◆ Brief descriptive captions ◆
:::::

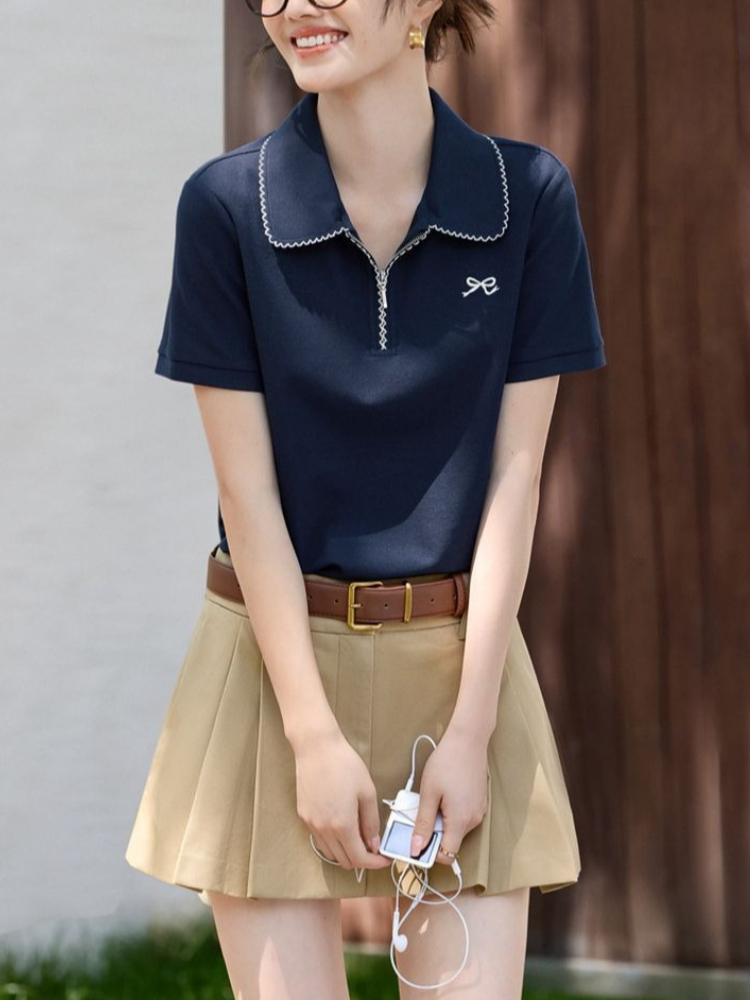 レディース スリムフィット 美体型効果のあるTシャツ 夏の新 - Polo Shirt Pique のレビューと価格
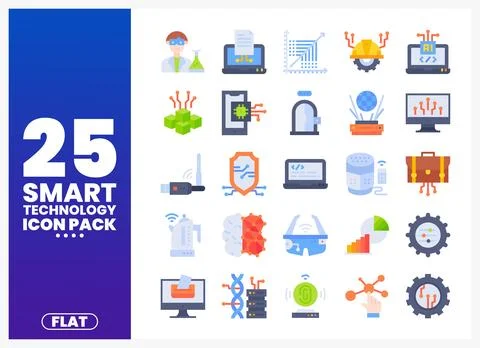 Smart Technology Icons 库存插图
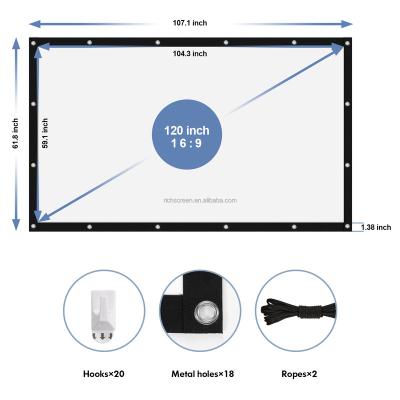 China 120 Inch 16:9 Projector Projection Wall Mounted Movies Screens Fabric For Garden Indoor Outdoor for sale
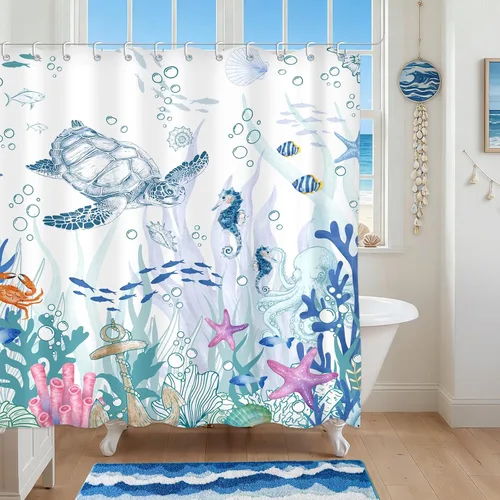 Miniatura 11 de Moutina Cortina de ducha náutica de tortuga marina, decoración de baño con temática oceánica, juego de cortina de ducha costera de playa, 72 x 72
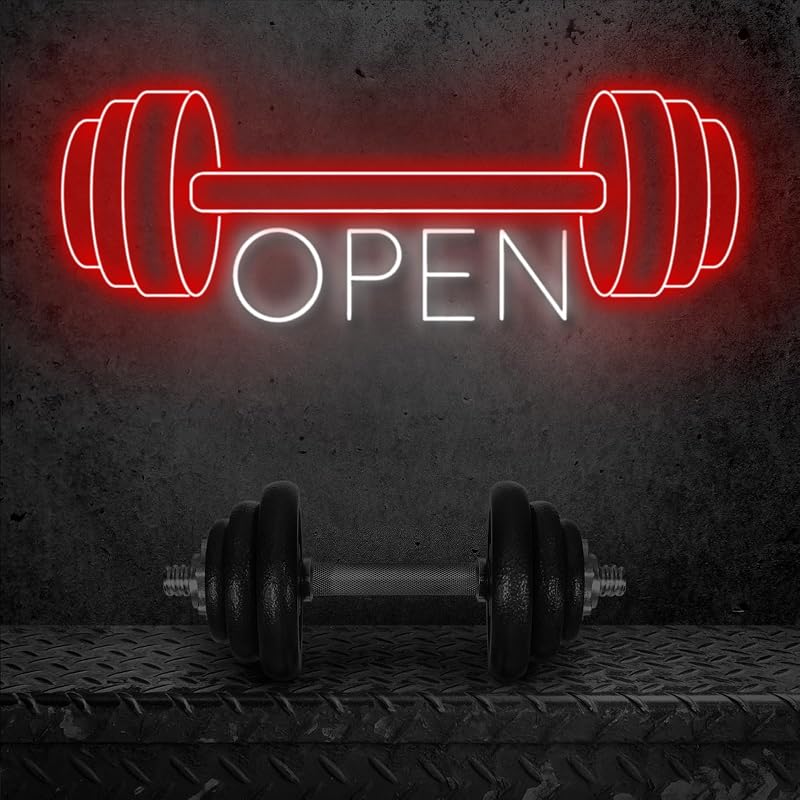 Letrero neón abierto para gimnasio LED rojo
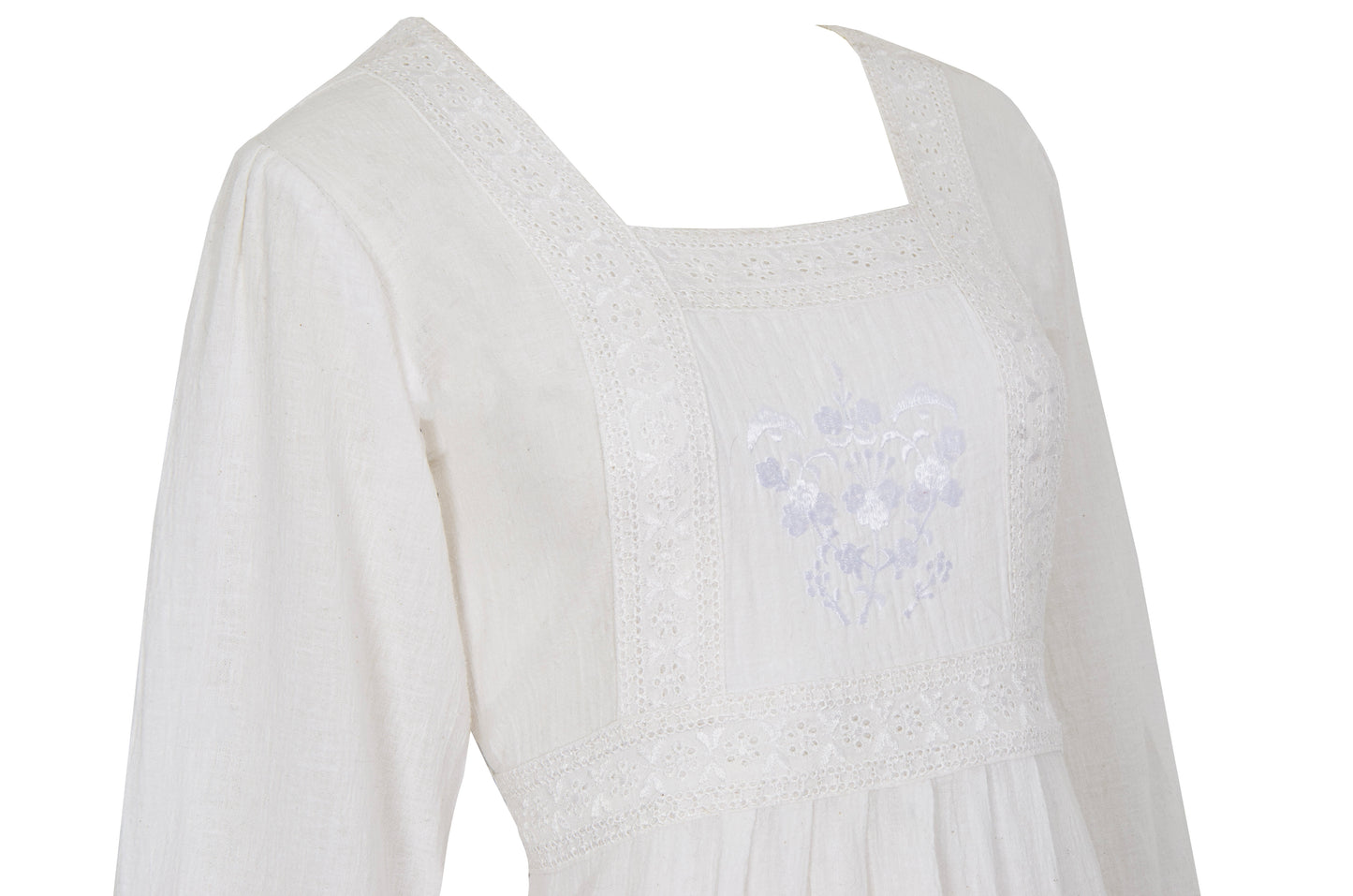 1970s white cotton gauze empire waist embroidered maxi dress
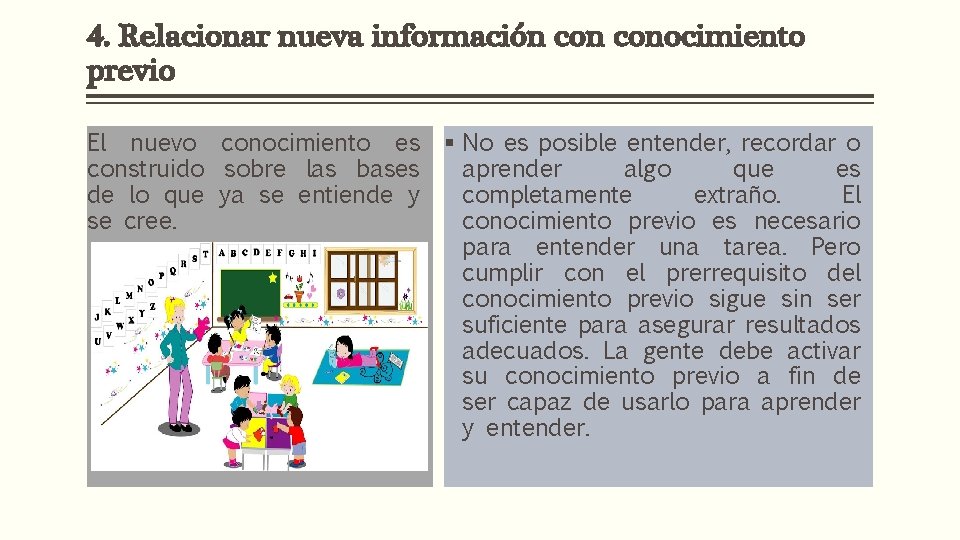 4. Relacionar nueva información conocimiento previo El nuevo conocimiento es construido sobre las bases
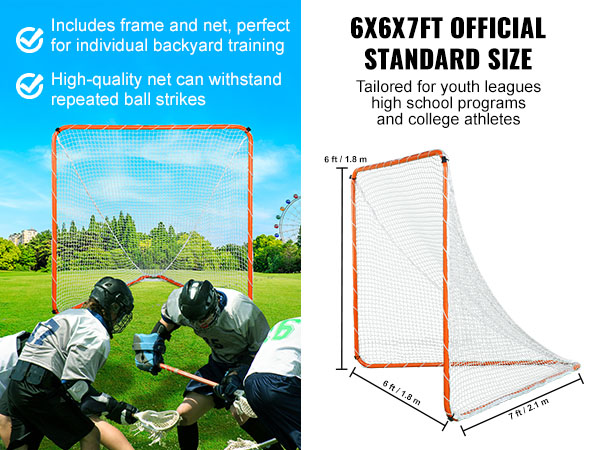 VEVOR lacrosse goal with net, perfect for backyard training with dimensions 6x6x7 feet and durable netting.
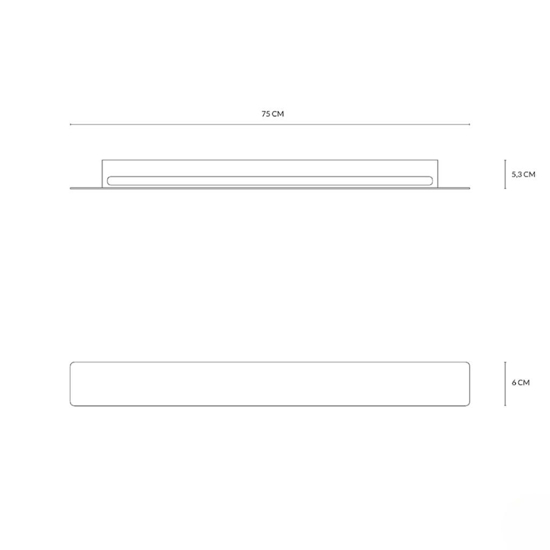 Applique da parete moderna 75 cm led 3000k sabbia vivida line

:::::

◆ Problem description ◆
Skip the pictures and retype exactly the lines from the one that contains "China 120 Inch" to the last line of the records.

◆ Solution to this task ◆
 China 120 Inch 16:9 Projector Projection Wall Mounted Movies Screens Fabric For Garden Indoor Outdoor for sale
 Miniatura 11 de Moutina Cortina de ducha náutica de tortuga marina, decoración de baño con temática oceánica, juego de cortina de ducha costera de playa, 72 x 72
 Letrero neón abierto para gimnasio LED rojo
 1970s white cotton gauze empire waist embroidered maxi dress
 4. Relacionar nueva información conocimiento previo El nuevo conocimiento es construido sobre las bases
 VEVOR lacrosse goal with net, perfect for backyard training with dimensions 6x6x7 feet and durable netting.
 Applique da parete moderna 75 cm led 3000k sabbia vivida line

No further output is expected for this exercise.